This might sound really unusual, but I have been meaning to experiment with pneumatic actuators for a long time. For my random robotics and DIY projects, motion is typically accomplished with gear motors or servo motors, but there are certain types of movements and actions that could be easier or better done with pneumatic cylinders and valves.
In a pneumatic actuator system, you have a source of pressurized air, one or more valves to control the movement of air, and cylinders that use pressurized air to provide motion of some kind.
I briefly worked with pneumatics back in high school, when our team built a robot to compete in the 2001 FIRST Robotics Competition. In the years since then I wanted to start experimenting with pneumatics, but there hasn’t really been a good time to get started.

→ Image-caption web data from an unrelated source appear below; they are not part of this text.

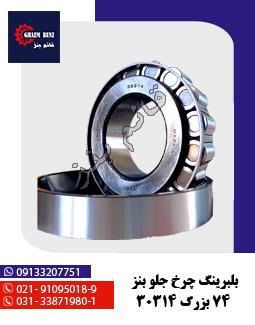 بلبرینگ چرخ جلو بنز 74 بزرگ 30314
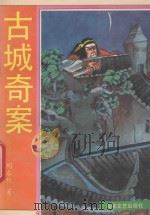 古城奇案 1993 PDF电子版封面 780534549X 阎永秋著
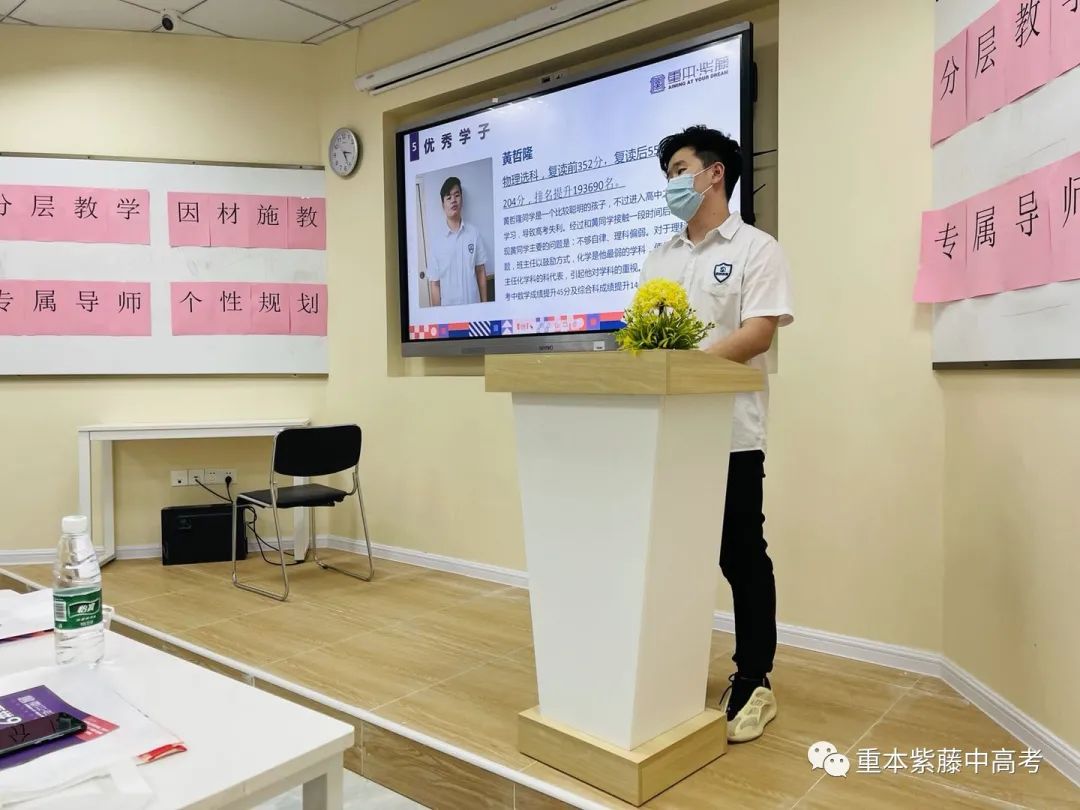 優秀學員發表感言 優秀學員發表感言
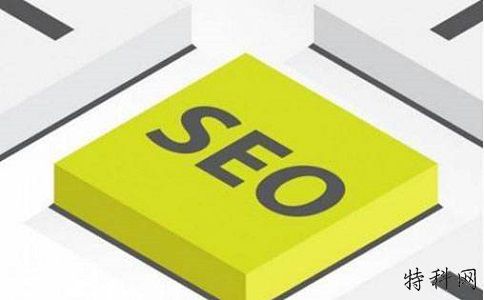 成都SEO优化方法是什么来吸引用户访问该网站？ 第1张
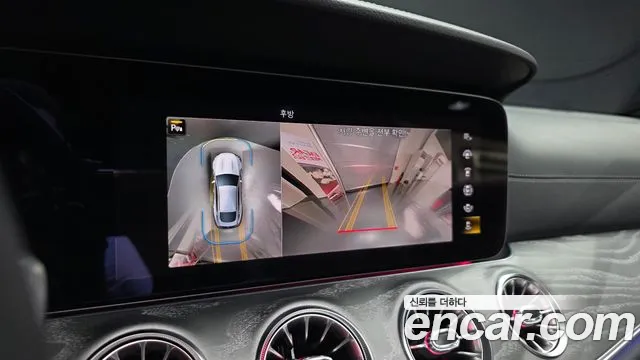 Mercedes-Benz AMG GT 4 двери 43 4MATIC+ — Фото автомобиля 12
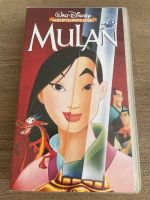 Walt Disney Mulan WHS Bayern - Neustadt an der Aisch Vorschau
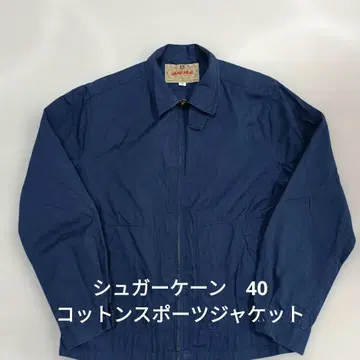 슈가케인 SC14065 코튼 스포츠 자켓 40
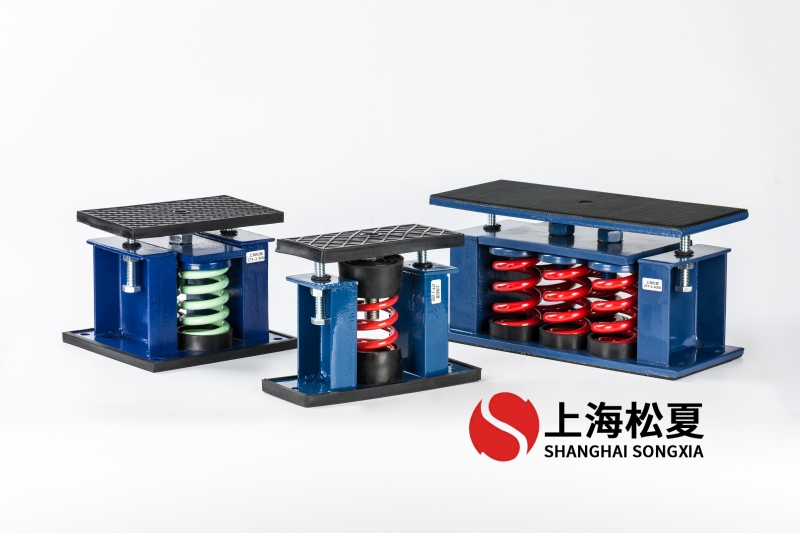 風(fēng)冷管道式空調(diào)機組安裝ZTF-1-500彈簧減振器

Recently I began work on a project where pneumatic cylinders would have come in handy, but due to timing I went down another route. However, this gave me a good excuse to finally get into pneumatic systems.
Maybe my first test project will be a ping pong ball launcher or an automatic tablet stand for my toolbox. I have a few robotics project ideas, but really need more hands-on experience before I could get there.
I figured that there are three approaches that would help me gain more experience with pneumatic actuators and components.
- A la carte components
- Vex pneumatics kit
It might seem silly, but Lego’s Technic building kits and accessories are very good at teaching about mechanical systems. However, there is a disconnect between what can be done with Lego pneumatic components and what can be with “real” ones. Plus, I am pretty capable at learning theory on my own, and was more interested in strengthening my hands-on and practical experience.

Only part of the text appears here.